Background
Multiple myeloma is a cancer of the plasma cells, characterized by abnormal proliferation in the bone marrow. In 2023 about 12,590 deaths are expected to occur secondary to the disease. It is important to identify the predictors of disease progression for prognostication.Tumor microenvironment influences the growth of malignant plasma cells. Neutrophilia can enhance tumor growth, angiogenesis and provide a favorable matrix for metastasis. Lymphopenia is also suggestive of disease progression. Hence, an increased neutrophil-to-lymphocyte ratio (NLR) has been linked with a poor prognosis in many cancers. Monocytes are thought to be recruited by tumor cells for suppressing the immune cells and aiding in prolonged survival. In patients with multiple myeloma, a low platelet count is linked to a worse prognosis since a greater marrow myeloma burden leads to inhibition of thrombopoiesis.Hence, a low platelet-to-lymphocyte ratio (PLR) and high monocyte-to-lymphocyte ratio (MLR) are linked with worse prognosis.The aim of our study was to investigate the role of NLR, PLR and MLR in the prognosis of our patients.
Methods
This is a retrospective study that analyzed patients diagnosed with Multiple Myeloma from 2012 to 2022 at Saint Vincent Cancer Center, Worcester, Massachusetts. We performed a chart review and collected demographics including age at the time of diagnosis, gender, BMI, race. Additionally, we also collected data such as multiple myeloma type, R-ISS staging, complete blood count (cbc), chemotherapy used, auto stem cell transplant, 5-year survival. NLR, PLR and MLR were calculated based on pre-treatment cbc. Based on literature review, cutoffs for High NLR (≥2), Low NLR (<2), High PLR (≥120.00), low PLR (<120.00) and high MLR (≥0.27), and low MLR (<0.27) were made. SPSS was used for analysis of the data. A logistic regression was used to calculate the Odd's ratio (OR).
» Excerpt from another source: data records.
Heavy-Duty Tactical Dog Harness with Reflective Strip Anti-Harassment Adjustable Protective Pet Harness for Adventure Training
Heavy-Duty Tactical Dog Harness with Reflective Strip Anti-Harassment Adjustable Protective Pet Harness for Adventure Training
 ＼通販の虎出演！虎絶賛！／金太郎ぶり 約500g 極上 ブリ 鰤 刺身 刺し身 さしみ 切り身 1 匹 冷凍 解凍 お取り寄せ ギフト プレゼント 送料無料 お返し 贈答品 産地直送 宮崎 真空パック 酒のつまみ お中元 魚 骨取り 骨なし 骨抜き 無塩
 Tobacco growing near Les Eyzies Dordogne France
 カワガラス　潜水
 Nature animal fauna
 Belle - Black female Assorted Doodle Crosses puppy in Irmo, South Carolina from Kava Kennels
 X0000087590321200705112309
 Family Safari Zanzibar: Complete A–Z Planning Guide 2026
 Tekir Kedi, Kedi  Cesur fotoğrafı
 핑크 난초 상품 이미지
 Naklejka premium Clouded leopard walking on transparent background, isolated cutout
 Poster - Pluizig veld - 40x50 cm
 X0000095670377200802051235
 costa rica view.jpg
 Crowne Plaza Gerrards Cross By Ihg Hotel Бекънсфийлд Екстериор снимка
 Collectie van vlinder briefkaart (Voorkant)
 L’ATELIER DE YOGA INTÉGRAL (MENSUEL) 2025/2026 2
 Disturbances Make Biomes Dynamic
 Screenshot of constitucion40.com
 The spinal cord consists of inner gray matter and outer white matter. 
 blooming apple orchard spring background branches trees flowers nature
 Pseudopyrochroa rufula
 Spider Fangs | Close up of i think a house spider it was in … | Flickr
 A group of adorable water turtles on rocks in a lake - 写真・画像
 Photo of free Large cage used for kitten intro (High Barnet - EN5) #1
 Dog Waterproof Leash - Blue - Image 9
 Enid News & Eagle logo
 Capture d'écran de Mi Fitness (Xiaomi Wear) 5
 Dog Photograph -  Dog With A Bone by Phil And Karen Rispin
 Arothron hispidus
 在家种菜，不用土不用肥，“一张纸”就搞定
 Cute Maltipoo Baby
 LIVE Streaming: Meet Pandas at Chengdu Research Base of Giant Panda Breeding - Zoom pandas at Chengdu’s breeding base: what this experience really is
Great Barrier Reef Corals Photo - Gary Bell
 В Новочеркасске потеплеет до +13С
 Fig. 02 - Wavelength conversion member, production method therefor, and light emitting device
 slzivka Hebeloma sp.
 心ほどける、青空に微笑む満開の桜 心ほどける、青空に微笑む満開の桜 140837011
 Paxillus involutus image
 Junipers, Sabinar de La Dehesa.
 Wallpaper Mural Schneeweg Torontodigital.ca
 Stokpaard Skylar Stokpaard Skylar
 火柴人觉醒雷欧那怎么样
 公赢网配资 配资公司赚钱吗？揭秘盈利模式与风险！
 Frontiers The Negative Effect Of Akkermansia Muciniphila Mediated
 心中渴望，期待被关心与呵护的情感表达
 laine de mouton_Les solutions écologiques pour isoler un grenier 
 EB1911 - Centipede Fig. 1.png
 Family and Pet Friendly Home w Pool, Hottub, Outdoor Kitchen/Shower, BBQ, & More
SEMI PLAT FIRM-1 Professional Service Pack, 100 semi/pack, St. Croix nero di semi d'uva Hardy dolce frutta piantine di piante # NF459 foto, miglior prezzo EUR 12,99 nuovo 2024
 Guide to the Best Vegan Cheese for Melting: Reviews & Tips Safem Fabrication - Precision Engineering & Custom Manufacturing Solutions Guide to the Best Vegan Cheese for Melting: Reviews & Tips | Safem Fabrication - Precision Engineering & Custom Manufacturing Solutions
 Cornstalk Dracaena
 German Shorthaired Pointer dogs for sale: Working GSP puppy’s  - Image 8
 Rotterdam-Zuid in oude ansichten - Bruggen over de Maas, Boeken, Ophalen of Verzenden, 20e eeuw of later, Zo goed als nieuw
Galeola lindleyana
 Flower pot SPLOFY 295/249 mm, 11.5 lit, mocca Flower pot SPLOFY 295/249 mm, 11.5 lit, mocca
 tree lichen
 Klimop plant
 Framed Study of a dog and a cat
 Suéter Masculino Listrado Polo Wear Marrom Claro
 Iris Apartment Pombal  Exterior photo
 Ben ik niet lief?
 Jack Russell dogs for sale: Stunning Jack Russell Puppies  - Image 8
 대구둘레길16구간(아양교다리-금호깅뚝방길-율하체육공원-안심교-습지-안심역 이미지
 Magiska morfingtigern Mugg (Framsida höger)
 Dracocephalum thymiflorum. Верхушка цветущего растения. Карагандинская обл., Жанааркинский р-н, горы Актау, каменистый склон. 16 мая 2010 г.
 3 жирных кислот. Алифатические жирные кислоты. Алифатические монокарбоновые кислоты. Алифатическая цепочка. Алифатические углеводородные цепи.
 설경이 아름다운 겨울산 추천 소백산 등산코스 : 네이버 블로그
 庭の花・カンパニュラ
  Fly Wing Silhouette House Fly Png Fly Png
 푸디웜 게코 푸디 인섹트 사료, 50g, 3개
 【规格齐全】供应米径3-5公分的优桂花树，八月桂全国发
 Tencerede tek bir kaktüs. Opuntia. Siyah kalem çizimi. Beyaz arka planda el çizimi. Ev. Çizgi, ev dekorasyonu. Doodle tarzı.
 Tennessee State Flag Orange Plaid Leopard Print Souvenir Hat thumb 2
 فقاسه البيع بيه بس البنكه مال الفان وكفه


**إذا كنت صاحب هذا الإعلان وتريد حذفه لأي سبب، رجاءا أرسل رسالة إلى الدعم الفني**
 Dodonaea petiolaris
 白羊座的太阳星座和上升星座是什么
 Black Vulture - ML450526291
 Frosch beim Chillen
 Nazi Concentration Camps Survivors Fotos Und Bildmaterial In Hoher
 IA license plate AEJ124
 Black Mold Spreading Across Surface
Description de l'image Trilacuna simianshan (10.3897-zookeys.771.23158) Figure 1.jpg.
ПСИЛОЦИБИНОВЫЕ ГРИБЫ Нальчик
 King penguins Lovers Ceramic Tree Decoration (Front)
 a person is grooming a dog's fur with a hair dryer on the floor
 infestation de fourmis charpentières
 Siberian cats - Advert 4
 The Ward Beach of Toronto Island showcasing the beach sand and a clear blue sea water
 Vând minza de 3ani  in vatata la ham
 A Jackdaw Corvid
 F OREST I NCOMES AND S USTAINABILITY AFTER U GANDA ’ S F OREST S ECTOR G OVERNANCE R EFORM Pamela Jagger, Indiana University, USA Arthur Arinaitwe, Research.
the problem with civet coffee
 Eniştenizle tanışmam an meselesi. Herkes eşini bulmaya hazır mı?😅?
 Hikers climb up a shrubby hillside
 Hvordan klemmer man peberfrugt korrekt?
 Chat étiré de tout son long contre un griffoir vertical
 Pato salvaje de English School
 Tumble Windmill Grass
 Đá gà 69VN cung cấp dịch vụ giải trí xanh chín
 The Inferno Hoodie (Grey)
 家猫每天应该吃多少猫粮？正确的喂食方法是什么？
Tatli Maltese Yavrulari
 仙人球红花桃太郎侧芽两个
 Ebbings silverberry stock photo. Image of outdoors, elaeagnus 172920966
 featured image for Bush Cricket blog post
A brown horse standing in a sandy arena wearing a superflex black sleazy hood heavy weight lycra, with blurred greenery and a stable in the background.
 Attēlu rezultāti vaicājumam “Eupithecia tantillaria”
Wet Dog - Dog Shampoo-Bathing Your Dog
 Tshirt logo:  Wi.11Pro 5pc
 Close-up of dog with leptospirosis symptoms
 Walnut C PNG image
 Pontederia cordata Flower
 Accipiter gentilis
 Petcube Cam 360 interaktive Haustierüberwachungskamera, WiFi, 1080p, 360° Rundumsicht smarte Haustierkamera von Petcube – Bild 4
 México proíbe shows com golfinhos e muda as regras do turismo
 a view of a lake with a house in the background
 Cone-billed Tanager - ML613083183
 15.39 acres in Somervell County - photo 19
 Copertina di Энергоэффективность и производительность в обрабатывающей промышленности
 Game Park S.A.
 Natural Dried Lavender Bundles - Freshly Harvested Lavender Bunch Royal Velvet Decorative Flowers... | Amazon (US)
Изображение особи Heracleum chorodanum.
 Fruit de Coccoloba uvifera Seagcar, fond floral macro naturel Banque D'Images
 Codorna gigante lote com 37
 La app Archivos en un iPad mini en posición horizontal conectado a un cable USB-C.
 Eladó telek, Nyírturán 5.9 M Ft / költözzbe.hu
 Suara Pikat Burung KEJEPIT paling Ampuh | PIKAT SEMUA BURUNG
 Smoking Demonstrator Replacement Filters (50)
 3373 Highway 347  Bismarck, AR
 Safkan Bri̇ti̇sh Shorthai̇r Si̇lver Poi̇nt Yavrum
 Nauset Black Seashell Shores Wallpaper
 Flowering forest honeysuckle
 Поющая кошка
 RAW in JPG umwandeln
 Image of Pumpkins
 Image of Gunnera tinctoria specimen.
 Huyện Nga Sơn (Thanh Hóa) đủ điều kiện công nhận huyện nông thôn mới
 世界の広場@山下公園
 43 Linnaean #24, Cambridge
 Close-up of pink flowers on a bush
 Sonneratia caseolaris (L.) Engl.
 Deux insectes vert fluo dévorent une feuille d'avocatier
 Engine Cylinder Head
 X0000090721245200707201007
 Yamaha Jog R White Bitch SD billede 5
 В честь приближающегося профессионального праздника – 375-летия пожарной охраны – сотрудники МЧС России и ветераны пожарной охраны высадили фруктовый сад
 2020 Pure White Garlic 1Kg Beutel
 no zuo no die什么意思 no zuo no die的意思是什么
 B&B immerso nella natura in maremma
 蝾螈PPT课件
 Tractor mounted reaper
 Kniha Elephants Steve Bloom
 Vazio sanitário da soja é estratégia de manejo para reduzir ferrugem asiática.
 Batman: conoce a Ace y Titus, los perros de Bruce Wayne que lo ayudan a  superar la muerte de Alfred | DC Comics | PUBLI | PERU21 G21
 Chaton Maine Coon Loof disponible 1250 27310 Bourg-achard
A p value less than equal to 0.05 was considered significant.
Results
The total number of patients analyzed were 97. 47.4% (n=46) were females and 52.6% (n=51) were males. Mean age at diagnosis was 69.3 years. Mean BMI was 30.16 kg/m 2. 35.1% (n=34) of the patients had IgG subtype. 36.1% (n=35) of our study population belonged to R-ISS stage 2. 38.1% (n=37) of the patients were treated with lenalidomide, bortezomib, dexamethasone combination. Mean NLR was 3.4, mean PLR was 166.949 and mean MLR was 0.46. 66% (n=64) of the patients belonged to the high NLR group, 61.9% (n=60) to the high PLR group and 64.9% (n=63) to the high MLR group. Out of 97 patients, 56.7% (n=55) were alive at 5 years. High NLR (≥2) was associated with lower odds of 5-year survival with a p value of 0.037 and a 95% confidence interval (0.095-0.931). High MLR (≥0.27) was associated with lower odds of 5-year survival with a p value of 0.042 and a 95% confidence interval (0.124-0.962). PLR did not correlate with 5-year survival and was not statistically significant (p value of 0.157).
Conclusions
Based on our study, a high NLR (≥2) and high MLR (≥0.27) were associated with lower odds of 5-year survival. Hence NLR and MLR are independent prognostic factors in newly diagnosed multiple myeloma patients which can be economical and effective methods for early evaluation of patient prognosis.
Disclosures
No relevant conflicts of interest to declare.